_Work instructions:_
Retype nothing except the lines below from the one with "PR Live plant." through the one with "u~̗ 씄vu ͒Í؁vցImO͂R̓̋LTlC", exactly, with images left out.

--- Provided data Enclosed Below ---

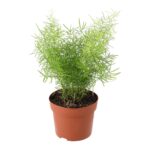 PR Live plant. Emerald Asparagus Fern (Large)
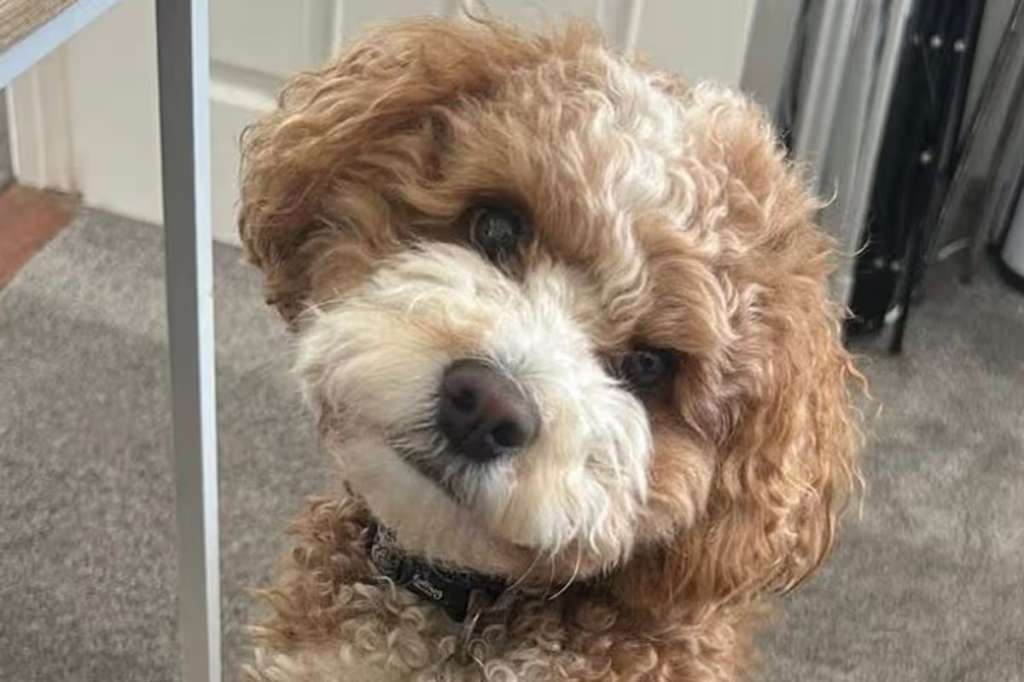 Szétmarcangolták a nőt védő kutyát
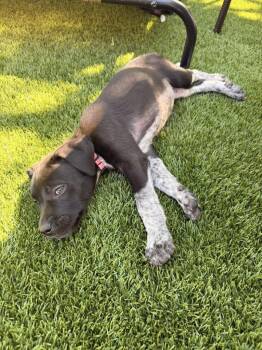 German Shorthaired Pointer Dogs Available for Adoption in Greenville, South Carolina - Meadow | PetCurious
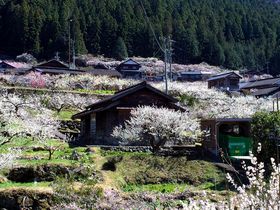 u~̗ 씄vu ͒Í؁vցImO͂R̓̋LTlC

--- End of Enclosed Provided data ---
--- Provided data Enclosed Below ---

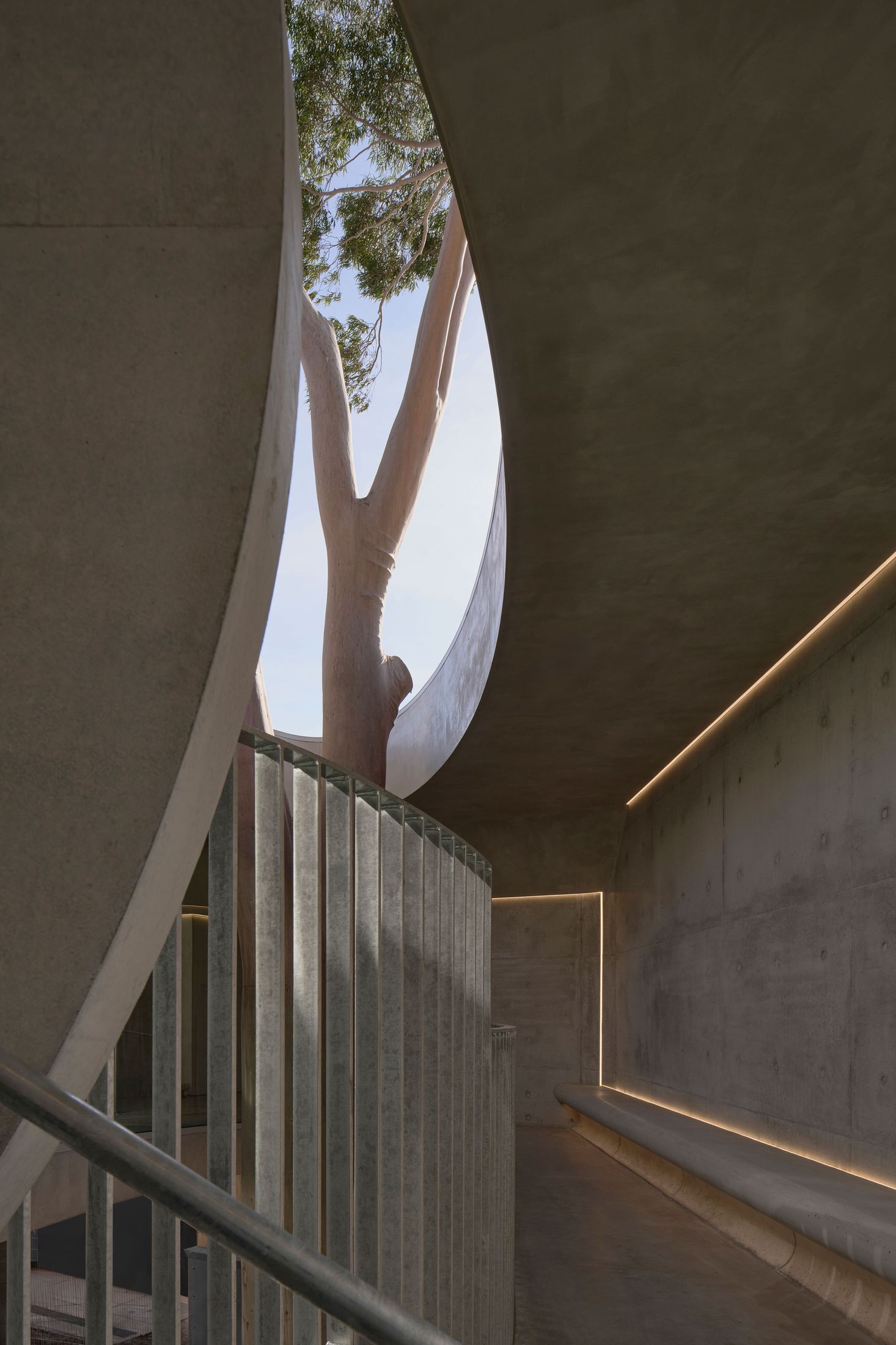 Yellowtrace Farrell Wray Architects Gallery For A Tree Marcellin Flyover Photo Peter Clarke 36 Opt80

--- End of Enclosed Provided data ---

_Response to this exercise:_
 PR Live plant. Emerald Asparagus Fern (Large)
 Szétmarcangolták a nőt védő kutyát
 German Shorthaired Pointer Dogs Available for Adoption in Greenville, South Carolina - Meadow | PetCurious
 u~̗ 씄vu ͒Í؁vցImO͂R̓̋LTlC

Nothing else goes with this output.